What are the directives in this file that could impact on the problem I encountered ?

You need the websocket upgrade etc this is copied from the rancher webiste. I am using the oficial nginx image.

   /usr/bin/docker run -d \
        --name=rancher-nginx \
        -p 80:80 \
        -p 443:443 \
        -v /etc/pki/cert:/host.cert:ro \
        -v /etc/pki/key:/host.key:ro \
        -v conf_file:/etc/nginx/conf.d/default.conf:ro \
        nginx:latest

@andreimc If I follow exactly the steps proposed on official rancher documentation, there is no problem. The fact is that I want to use another way as the one specified in the doc.

My point here is to use let’s encrypt to manage the certificates generation and renewal. For this, I use the solution proposed by jwilder (jwilder/nginx-proxy and jrcs/letsencrypt-proxy-companion). These two containers automatically detect new containers launched with specific environment variables and manage the vhost/certificates configuration.

For this, nginx-proxy container use a template to generate nginx configuration file on the fly. Due to this, I cannot directly modify the nginx config file, but I can make some changes on the template.

So my goal is to adapt the nginx-proxy template file to be fully usable with rancher-server. What are the parts of the nginx config file that directly impact on the websocket ?
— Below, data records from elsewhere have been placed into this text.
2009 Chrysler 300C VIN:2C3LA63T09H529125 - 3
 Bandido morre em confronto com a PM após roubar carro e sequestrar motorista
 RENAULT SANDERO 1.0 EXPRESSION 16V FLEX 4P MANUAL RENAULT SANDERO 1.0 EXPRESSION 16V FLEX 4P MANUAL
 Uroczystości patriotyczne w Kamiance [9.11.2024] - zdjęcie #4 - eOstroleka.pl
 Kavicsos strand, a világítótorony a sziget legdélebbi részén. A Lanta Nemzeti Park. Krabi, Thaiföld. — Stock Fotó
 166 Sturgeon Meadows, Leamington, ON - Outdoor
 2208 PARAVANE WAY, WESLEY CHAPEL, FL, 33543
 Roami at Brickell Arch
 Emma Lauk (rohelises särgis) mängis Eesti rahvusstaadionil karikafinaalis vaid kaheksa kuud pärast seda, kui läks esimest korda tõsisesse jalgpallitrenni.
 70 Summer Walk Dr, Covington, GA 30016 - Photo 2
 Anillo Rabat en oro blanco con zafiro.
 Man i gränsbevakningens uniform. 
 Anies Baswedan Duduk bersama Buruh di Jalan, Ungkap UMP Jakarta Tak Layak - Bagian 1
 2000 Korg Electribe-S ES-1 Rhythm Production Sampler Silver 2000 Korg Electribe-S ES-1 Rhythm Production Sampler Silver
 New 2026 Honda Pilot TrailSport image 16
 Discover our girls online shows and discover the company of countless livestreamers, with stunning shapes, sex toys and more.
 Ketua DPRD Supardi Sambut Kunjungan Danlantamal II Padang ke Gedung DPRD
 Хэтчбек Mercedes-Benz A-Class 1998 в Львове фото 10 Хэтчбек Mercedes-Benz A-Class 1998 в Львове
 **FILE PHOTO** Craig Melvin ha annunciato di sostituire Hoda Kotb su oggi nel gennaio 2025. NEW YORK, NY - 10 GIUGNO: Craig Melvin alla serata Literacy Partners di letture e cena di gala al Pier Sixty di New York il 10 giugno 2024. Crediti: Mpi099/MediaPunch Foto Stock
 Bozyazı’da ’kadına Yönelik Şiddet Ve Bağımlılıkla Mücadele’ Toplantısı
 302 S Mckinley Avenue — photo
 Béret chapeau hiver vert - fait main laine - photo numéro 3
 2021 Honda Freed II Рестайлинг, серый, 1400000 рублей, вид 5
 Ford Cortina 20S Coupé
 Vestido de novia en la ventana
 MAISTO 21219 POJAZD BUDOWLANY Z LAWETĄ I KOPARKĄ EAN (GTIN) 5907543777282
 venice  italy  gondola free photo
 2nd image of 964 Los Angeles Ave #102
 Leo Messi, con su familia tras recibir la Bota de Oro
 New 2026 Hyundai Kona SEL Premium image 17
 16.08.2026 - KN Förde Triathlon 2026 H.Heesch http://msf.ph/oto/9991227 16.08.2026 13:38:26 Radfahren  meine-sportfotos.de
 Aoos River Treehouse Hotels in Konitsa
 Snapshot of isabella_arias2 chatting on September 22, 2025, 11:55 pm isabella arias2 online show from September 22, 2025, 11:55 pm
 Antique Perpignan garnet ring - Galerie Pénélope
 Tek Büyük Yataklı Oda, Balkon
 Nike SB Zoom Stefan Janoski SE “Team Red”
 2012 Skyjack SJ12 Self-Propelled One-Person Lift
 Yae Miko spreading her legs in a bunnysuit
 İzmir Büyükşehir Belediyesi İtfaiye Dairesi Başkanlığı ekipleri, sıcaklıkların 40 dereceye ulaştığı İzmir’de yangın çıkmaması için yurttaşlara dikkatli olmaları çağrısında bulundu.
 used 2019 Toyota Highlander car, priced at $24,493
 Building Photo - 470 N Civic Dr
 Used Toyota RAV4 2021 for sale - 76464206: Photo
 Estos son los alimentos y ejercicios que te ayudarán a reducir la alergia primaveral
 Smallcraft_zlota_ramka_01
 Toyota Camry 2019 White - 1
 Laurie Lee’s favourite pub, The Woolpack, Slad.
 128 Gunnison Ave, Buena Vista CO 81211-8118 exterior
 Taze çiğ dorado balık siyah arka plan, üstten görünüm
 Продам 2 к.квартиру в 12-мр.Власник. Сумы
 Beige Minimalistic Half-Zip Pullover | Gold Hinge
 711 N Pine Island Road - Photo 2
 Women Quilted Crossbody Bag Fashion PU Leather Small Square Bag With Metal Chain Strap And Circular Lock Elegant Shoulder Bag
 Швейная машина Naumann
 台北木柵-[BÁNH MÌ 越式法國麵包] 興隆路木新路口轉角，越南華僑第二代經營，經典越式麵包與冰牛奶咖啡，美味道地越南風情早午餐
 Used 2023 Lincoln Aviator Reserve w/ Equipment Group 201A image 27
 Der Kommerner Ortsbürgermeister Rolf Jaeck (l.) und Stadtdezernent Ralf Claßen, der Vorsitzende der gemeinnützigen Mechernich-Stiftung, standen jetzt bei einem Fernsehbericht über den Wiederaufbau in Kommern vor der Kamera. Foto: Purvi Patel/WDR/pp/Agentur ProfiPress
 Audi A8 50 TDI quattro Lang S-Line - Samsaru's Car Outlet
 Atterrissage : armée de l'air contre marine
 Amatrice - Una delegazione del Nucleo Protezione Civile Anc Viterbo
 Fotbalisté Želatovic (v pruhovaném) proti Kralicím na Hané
proxy_set_header Host $host;
proxy_set_header X-Forwarded-Proto $scheme;
proxy_set_header X-Forwarded-Port $server_port;
proxy_set_header X-Forwarded-For $proxy_add_x_forwarded_for;
proxy_pass http://rancher;
proxy_http_version 1.1;
proxy_set_header Upgrade $http_upgrade;
proxy_set_header Connection "Upgrade";
# This allows the ability for the execute shell window to remain open for up to 15 minutes. Without this parameter, the default is 1 minute and will automatically close.
proxy_read_timeout 900s;

New event! Without changing anything in my configuration, I upgraded rancher-server to the last 1.2.0-pre4-rc7.

With this release, I’ve been able to add an host without any problem.

Any suggestion to explain why it has not worked with the stable release ?

I tried again with stable release and I encountered the same problem as before. The fact that it is working with 1.2.0-pre4 makes me think that the problem should not be caused by a websocket issue… But why is it not working with 1.1.4 ?